Entonces aprovechamos para limpiar a conciencia los suelos.
Subimos después a una terraza más silenciosa y fuimos a saludar a la propietaria, una anciana de piel lisa, ojos azules en un rostro enmarcado en un óvalo perfecto que se cubría el cabello blanco recogido en un moño con un velo de blonda.
Había paz en sus ojos y era hermosa. También ella tenía soltura en la forma de arreglarse el velo colocado con tal elegancia que más parecía la inmovilización de sí misma en el instante de inspiración del artista que la antigua cocinera del restaurante, una mujer que a los setenta y siete años tenía siete hijos y tres hijas, doce nietos y cincuenta y seis bisnietos. Y por supuesto nos invitó a tomar un vasito de té con menta.
Llegamos por fin al jardín y la casa de Nayat y Fathi. Era un terreno en pendiente de unos dos mil metros cuadrados que ellos mismos habían vallado. En lo alto habían construido una pequeña casa con una de las paredes arrimada al muro superior y las demás sostenían estructuras metálicas donde se encaramaban las viñas vírgenes para que en verano quedara sumida en la sombra. Era una casa de techo plano como todas, con una cocina y un baño y una sola pieza que hacía las veces de sala y dormitorio.

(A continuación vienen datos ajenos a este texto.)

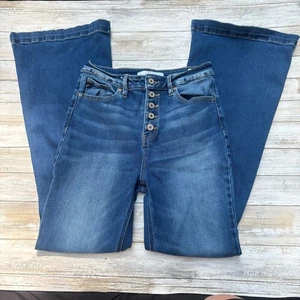 Kancan Peyton Flare Jeans PetiteSz 7/27 Distressed Button Fly Faded Med Wash - Picture 1 of 9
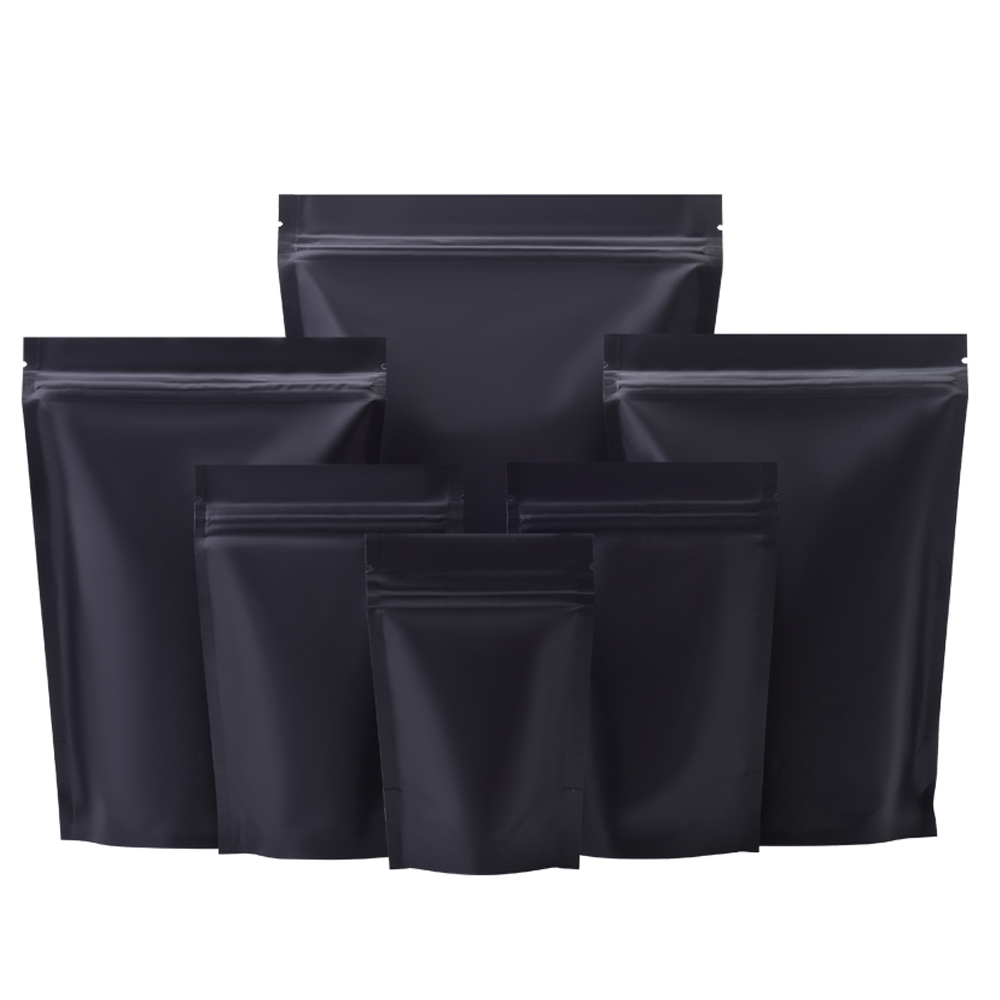 100Pcs Matte Black Zip Lock Mylar Foil Stand Up Bag Self Seal Resealable Tear Notch Doypack Chocolate Coffee Candy Pack Pouches-image-677003279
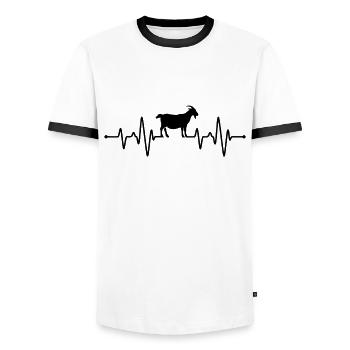Battement de cœur de la chèvre - T-shirt contrasté Homme - blanc/noir - Devant - AI Model Female 172 light (172cm) & AI Model Male 178 dark (178cm)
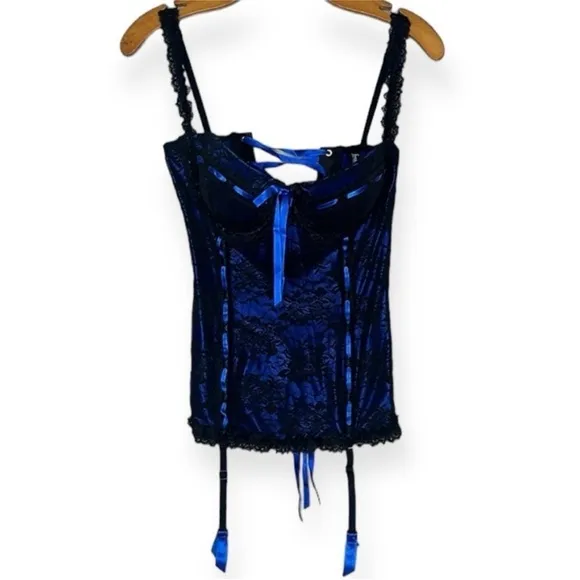 NWOT VTG Y2K Fredericks of Hollywood Lace Corset Bustier Blue Black Coquette LRG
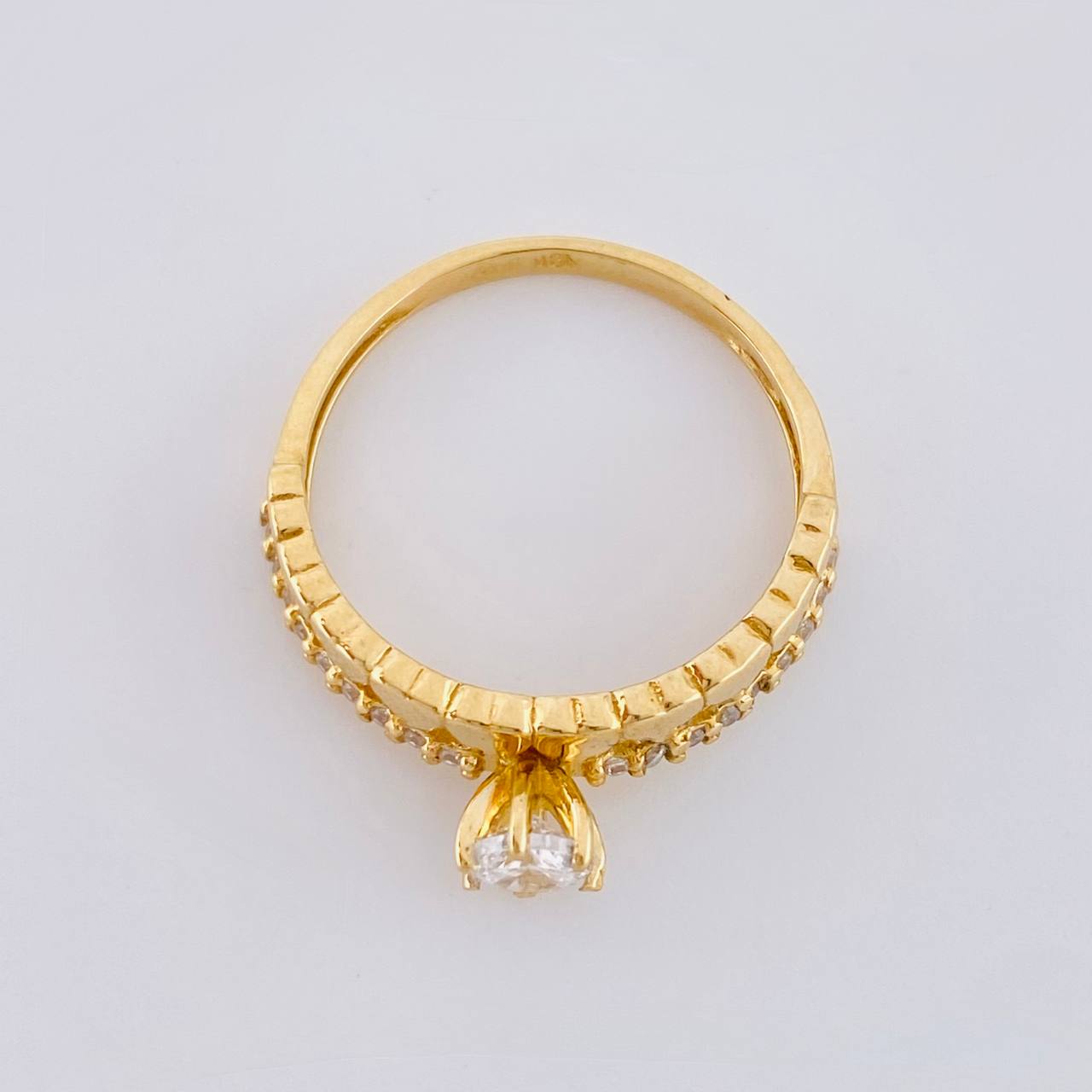 Anillo Solitario Corazones Dual 2.35 g / T6 1/4 Oro Amarillo 18K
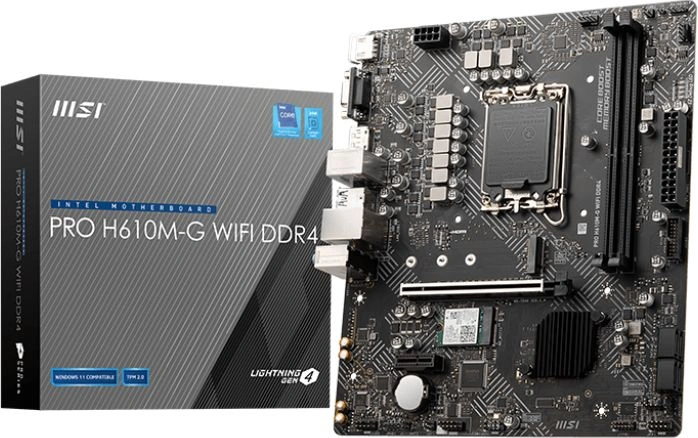 Материнская плата MSI PRO H610M-G WIFI DDR4 Soc-1700 Intel H610 2xDDR4 mATX AC`97 8ch(7.1) GbLAN+VGA+HDMI+DP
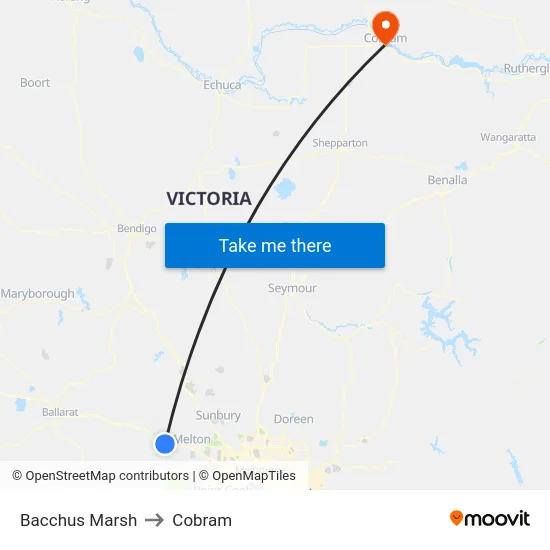 Bacchus Marsh to Cobram map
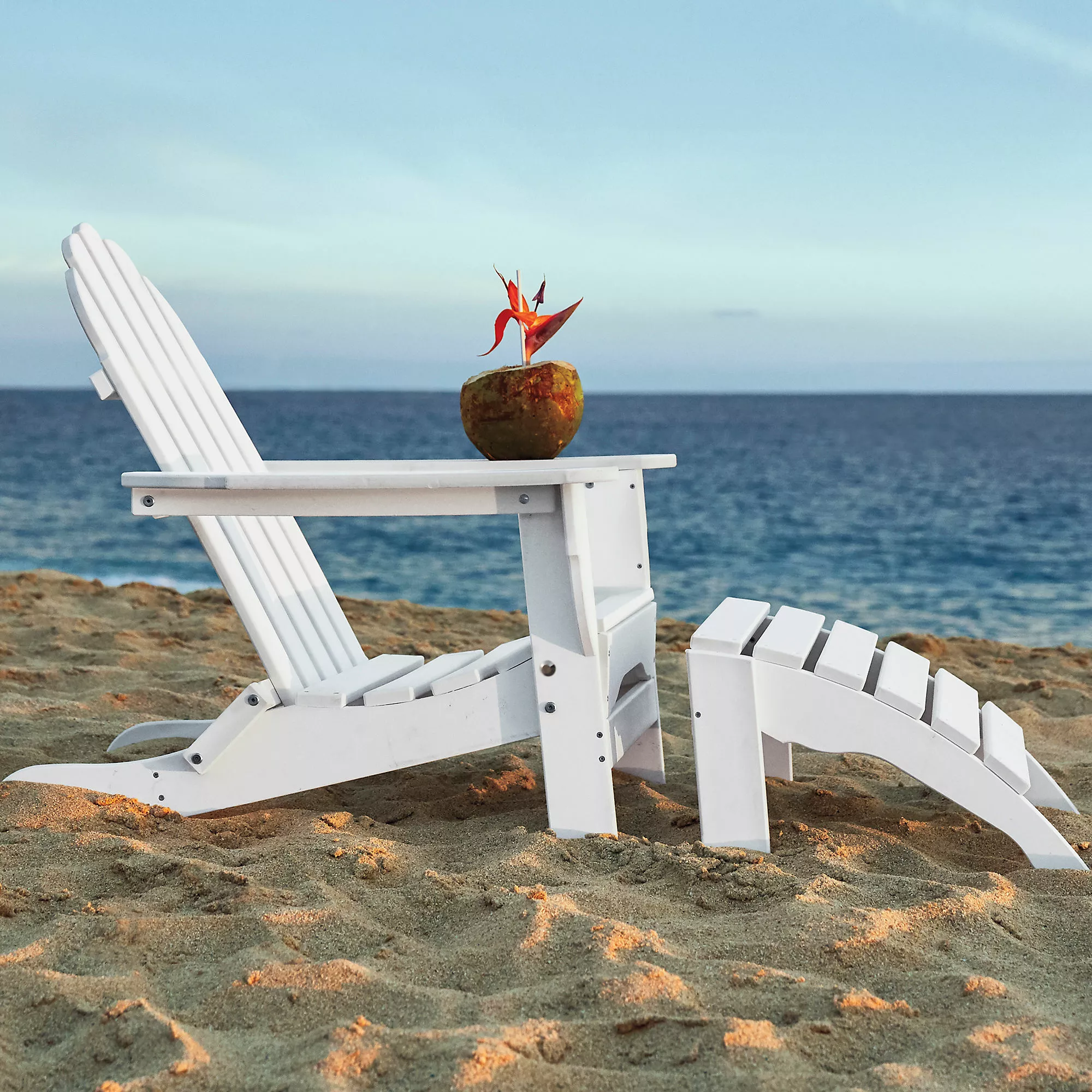 Lands' End All-Weather Recycled Adirondack Patio Ottoman - Image 3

Nayat tenía pasión por los animales y las plantas. Y entre los dos habían logrado plantar más de doscientos olivos, albaricoqueros, cerezos, melocotoneros, laureles, alineados en perfecto orden en las cinco terrazas que se sostenían por muros secos construidos también por ellos con las piedras que habían ido recogiendo al limpiar la tierra. La casa contigua tenía más o menos la misma estructura, y las de más abajo también, así que toda la loma, hasta llegar al fondo del valle era un verdadero vergel. El río corría escondido bajo los chopos en el fondo del valle, y en la lejana ladera de enfrente, tapizada también de pequeñas casas y huertas, una mezquita levantaba su alminar y anunciaba cada seis horas la presencia de Alá. Más lejos, hacia occidente, se alzaba la mole del Antilíbano que en esta tarde de nubes movidas y rayos celestiales, con el viento que sucede a veces a las grandes tormentas, tenía reminiscencias bíblicas.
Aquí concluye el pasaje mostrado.